New Kings Of The East?
Indiana limped its way to the top seed in the East, and the question now becomes: Which Pacers team will show up? Will it be the defensively-blitzing team of the first half -- the one that showcased Roy Hibbert's insatiable rim-protecting skills and Paul George's improved offensive game? Or, will Frank Vogel's club continue to struggle scoring and more surprisingly, on the defensive end? Indiana is just 11-13 since March, and despite maintaining the league's most efficient defense this season, they are allowing a robust 103.2 points per 100 possessions -- compared to 96.8 for the season -- over the past six weeks. Hibbert has publicly voiced his displeasure with a lack of post touches, while Andrew Bynum will sit the first round. Then again, the Pacers lost five of seven games to close 2013 before taking the Heat to seven games in the conference finals.

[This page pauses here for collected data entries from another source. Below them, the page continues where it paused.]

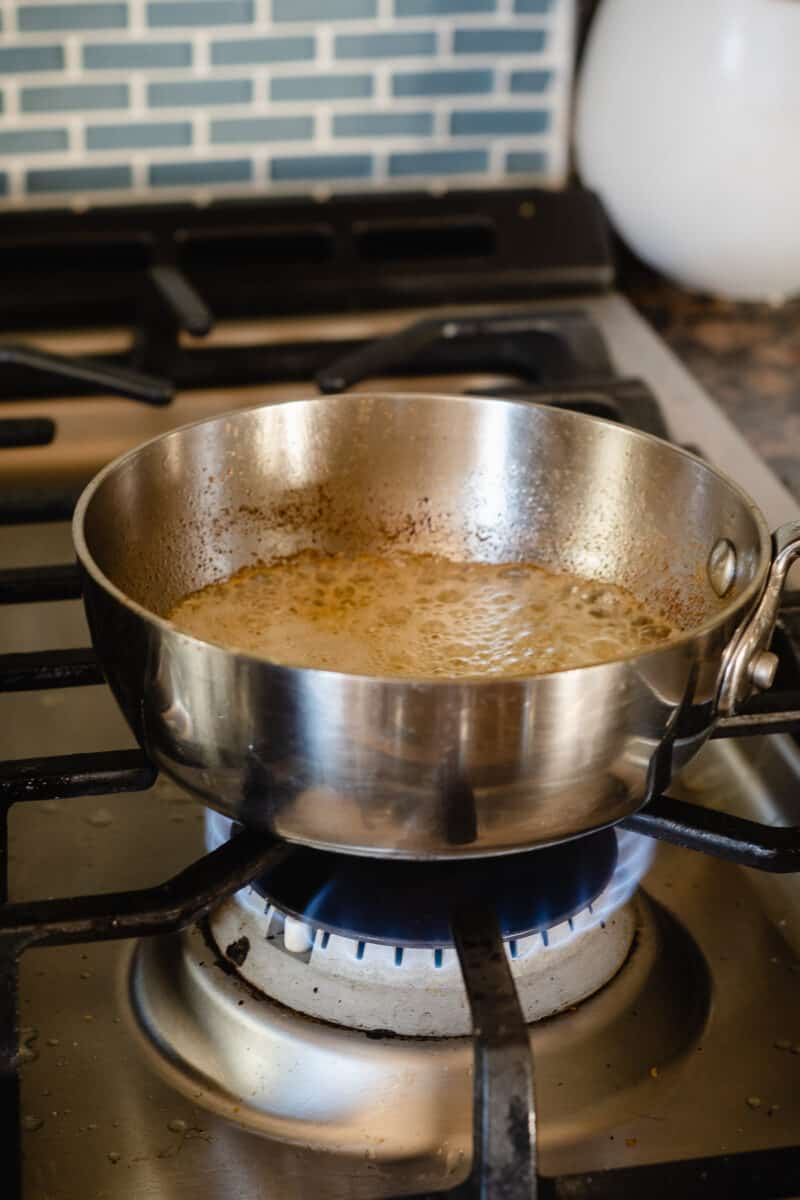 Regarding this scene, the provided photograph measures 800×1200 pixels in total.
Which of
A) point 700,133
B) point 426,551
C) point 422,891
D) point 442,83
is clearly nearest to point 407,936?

How can we discount the two-time defending champs, especially when this is likely their last go-around together? But Miami, like the Pacers, has struggled since March, amassing a losing record with a whole cadre of lineup changes and injury and age concerns -- namely about Dwyane Wade, whose missed 28 games this year. This is not a great defensive team either, ranking 14th in opponent field goal percentage, its worst clip since the Big Three came together. And yet, when you have LeBron James, certain deficiencies seem to disappear, or at least fade away. The world's best player has no qualms deferring to Wade and Chris Bosh for 40 minutes, but he has been lethal in the fourth quarter while shooting a career-best 57 percent from the floor.
Young Point Guards
We can wax poetic about Russell Westbrook and Stephen Curry, but in Kemba Walker, John Wall and Damian Lillard (all 23 years old), we have three of the most exciting young point guards in the league, all making their first playoff appearance. Walker has yet to beat Miami in his career, but we know he rises to the moment, and he will not be gun-shy. Wall has faced the critics and overcome the notion that he can't lead a team to success, ala his predecessor, Gilbert Arenas. Perhaps Wall won't ever become a knockdown shooter, but the former No. 1 pick has increased his 3-point percentage from 27 percent to a respectable 35 percent. Lillard (pictured above) -- the reigning Rookie of the Year and a first-time All-Star -- is the most offensively gifted and probably versatile of the bunch. He is an excellent perimeter shooter, effective pick-and-roll operator and loves to take the big shot.
The Best 'Lob City' Yet
In their first year under coach Doc Rivers -- who inked a three-year, $21 million deal -- the Clippers have made tremendous improvements, both collectively and individually. Chris Paul has shed some of his domineering ways, DeAndre Jordan has become arguably the game's premier rebounder and Blake Griffin has made a case for being its best power forward. How this translates to the postseason remains to be seen, but LA has an unlimited arsenal of offensive weapons and ranks fifth in opponent field goal percentage as well. Griffin, with his 24 points per game on average, has shown his ability to be a go-to guy, but can he do it against superior defenses designed to take him out of his comfort zone in the half-court?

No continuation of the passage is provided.